TRY IT:
Beginning with the line where "Used 2024 GMC Terrain SLE FWD image 10" appears, retype every remaining line of the data below, both the first and last included.

AVAILABLE DATA:
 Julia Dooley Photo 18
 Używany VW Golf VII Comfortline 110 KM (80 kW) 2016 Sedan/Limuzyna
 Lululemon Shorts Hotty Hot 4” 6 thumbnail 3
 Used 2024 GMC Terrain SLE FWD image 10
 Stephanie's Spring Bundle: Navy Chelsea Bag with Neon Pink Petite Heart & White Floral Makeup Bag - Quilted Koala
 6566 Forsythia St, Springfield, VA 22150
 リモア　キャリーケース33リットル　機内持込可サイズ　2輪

SOLUTION:
 Used 2024 GMC Terrain SLE FWD image 10
 Stephanie's Spring Bundle: Navy Chelsea Bag with Neon Pink Petite Heart & White Floral Makeup Bag - Quilted Koala
 6566 Forsythia St, Springfield, VA 22150
 リモア　キャリーケース33リットル　機内持込可サイズ　2輪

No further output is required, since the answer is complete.